Define magnifying power of a telescope. Write its expression.
A small telescope has an objective lens of focal length $150cm$ and an eye piece of focal length $5cm$. If this telescope is used to view a $100m$ high tower $3km$ away, find the height of the final image when it is formed $25cm$ away from the eye piece.

Answer 1

Magnifying power of a telescope is defined as the ratio of the angle subtended at the eye by the image formed at the least distance of distinct vision to the angle subtended at the eye by the object lying in infinity.

Magnifying power $M=\frac{f_0}{f_e}(1+\frac{f_e}{D})$

$f_0=$ focal length of the object =150 cm; $f_e$= focal length of the eye piece= 5cm ; D= least distance of the distinct vision= 25cm

$M=\frac{-150}{5}(1+\frac{5}{25})=-36$

$M=\frac{\beta }{\alpha }=\frac{tab\beta }{tan\alpha }$ ( As angles are small)

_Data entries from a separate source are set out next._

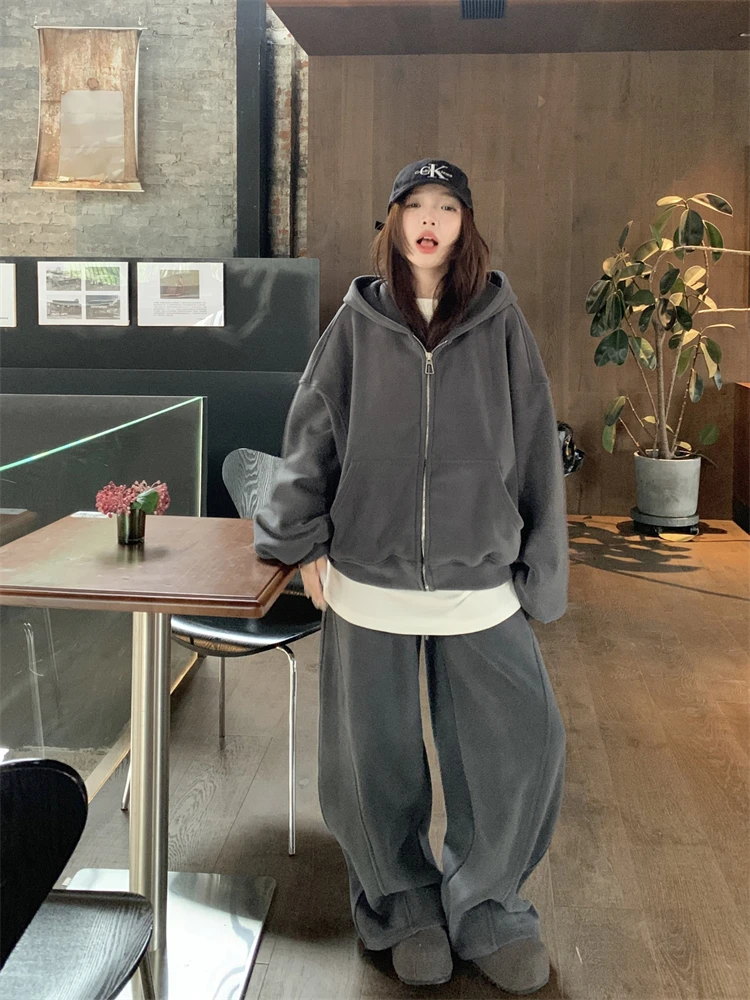 Plus Size plus Size Autumn Winter New Vintage Thickened Hoodie Women's Jacket Loose Wide Leg Pants White T-Shirt Set Trendy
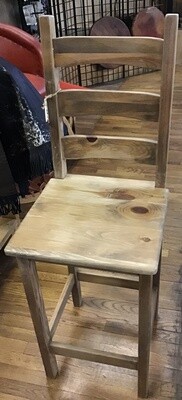 Curved Back Pecan Barstool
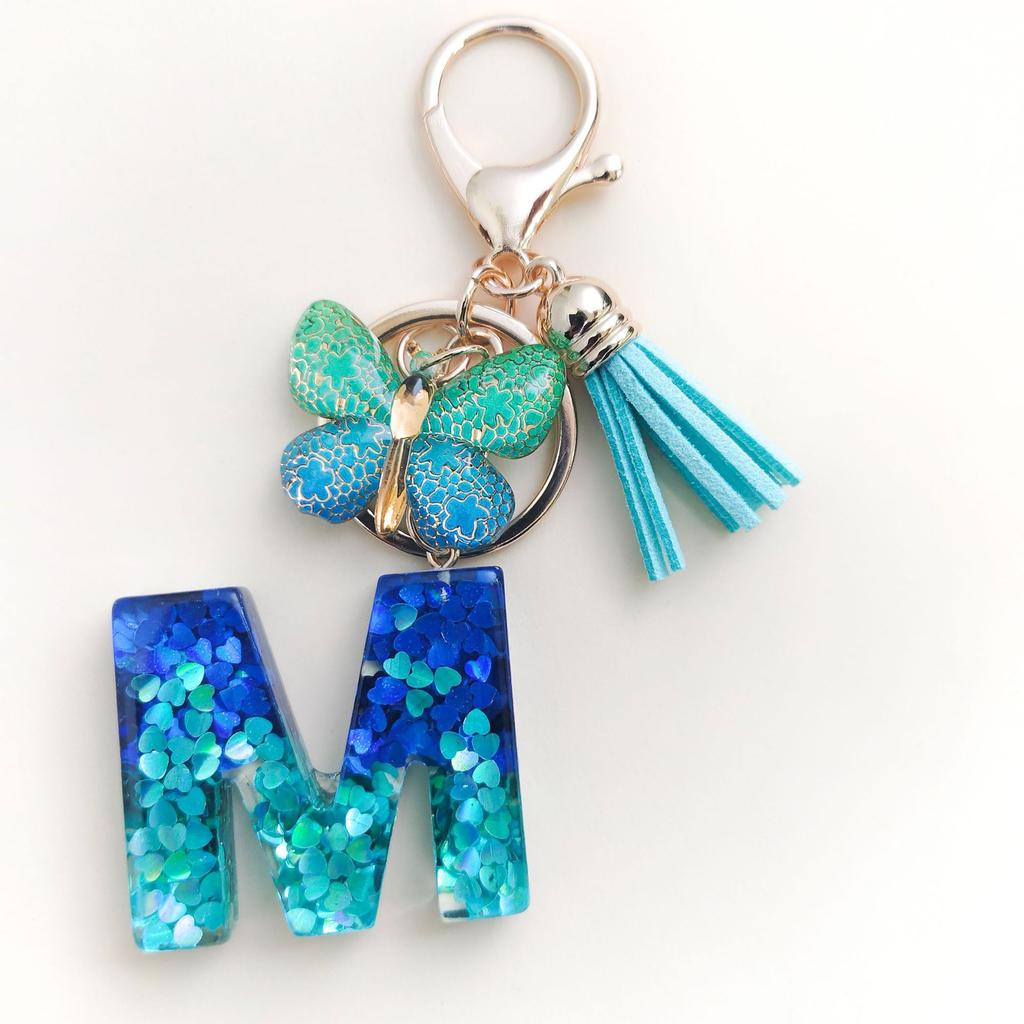 Blue Series 26 Epoxy Letter Keychain Holiday Love Fringe Accessories Gradual Change Butterfly Keychain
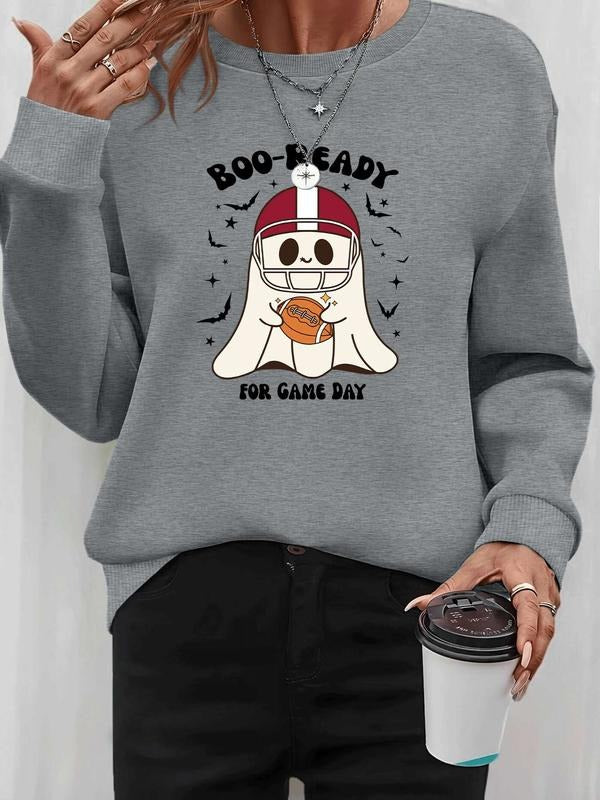Women's Halloween Ghost Letter Print Long Sleeve Round Neck Pullover Sweatshirt, Casual Fitted Kint Fabric for Fall &...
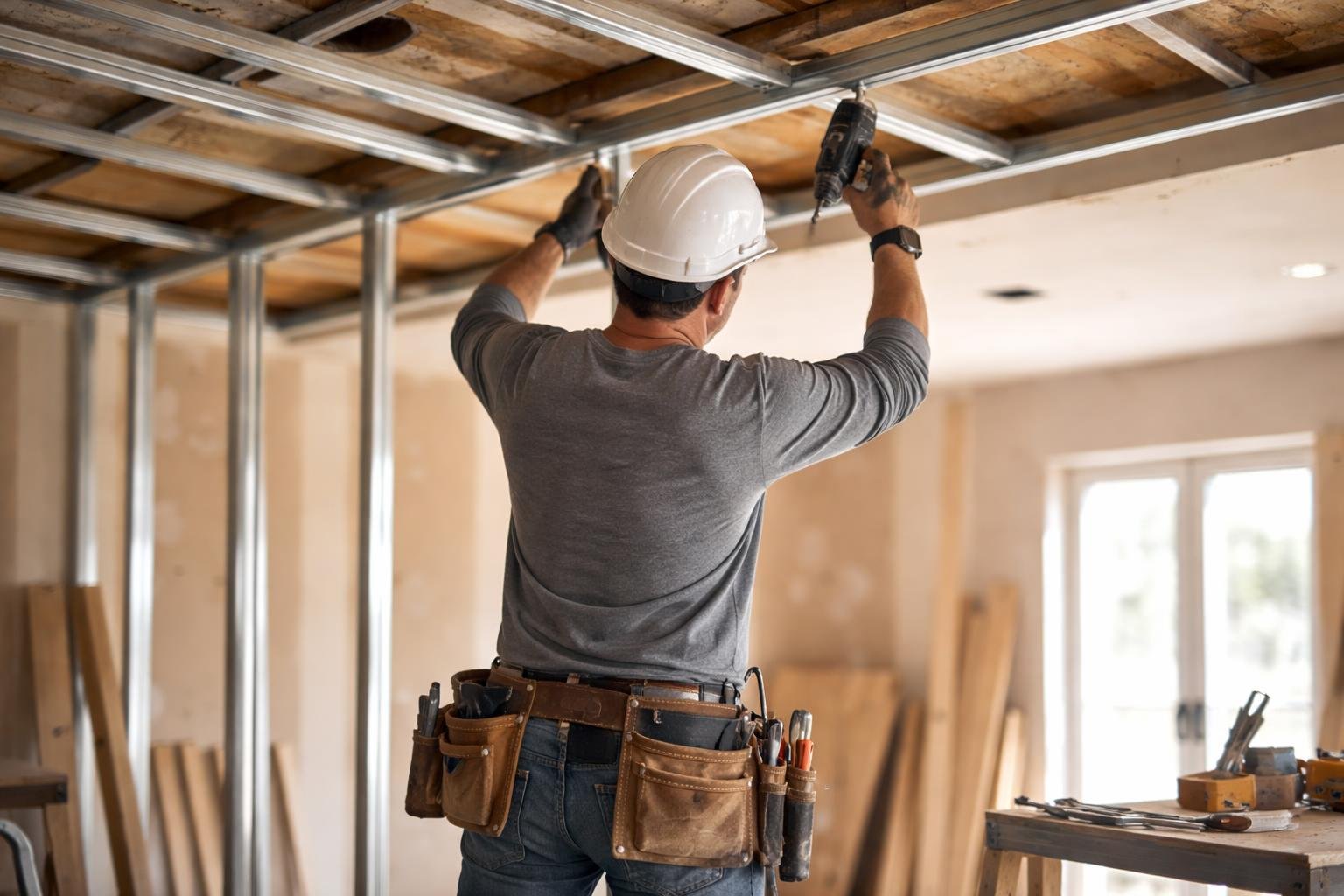 ouvrier-chantier-rails-placoplatre-plafond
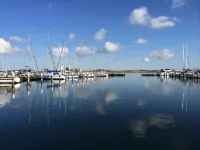 Your apartment with a wonderful panoramic view of the Burgtiefe marina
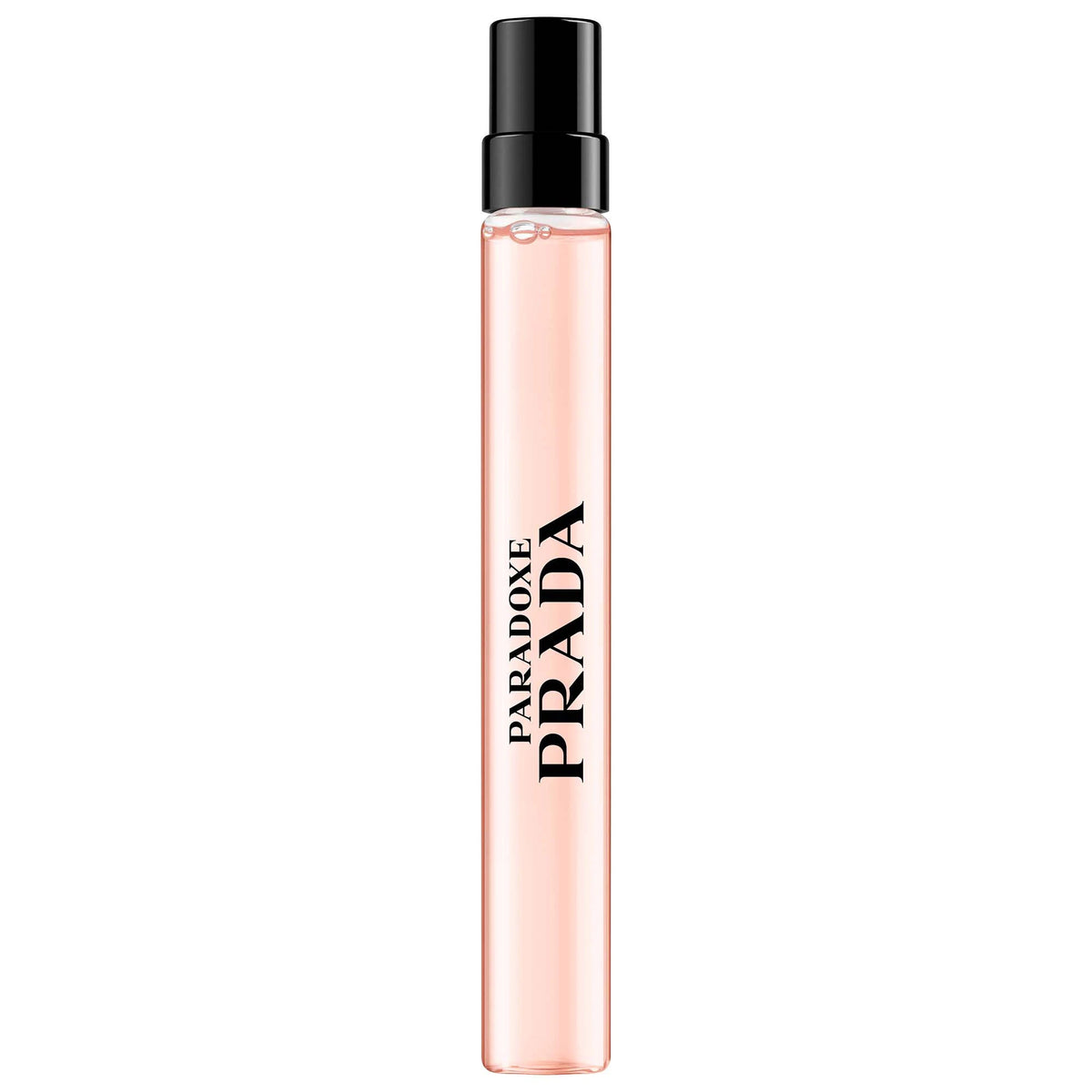 Paradoxe by Prada women's eau de parfum bottle, pink glass with black spray cap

$tan\alpha =\frac{H}{u}=\frac{100}{3000}=\frac{1}{30}$ where H= height of the object and u= distance of the object from the objective.

$M=\frac{tan\beta }{\left(1/30\right)}=\frac{-36}{30}=\frac{H^{\prime }}{D}$; H'= height of the image and D= distance of the image formation

Thus, $H^{\prime }=\frac{-36\times 25}{30}=-30cm$

Negative sign indicate that we get an inverted image.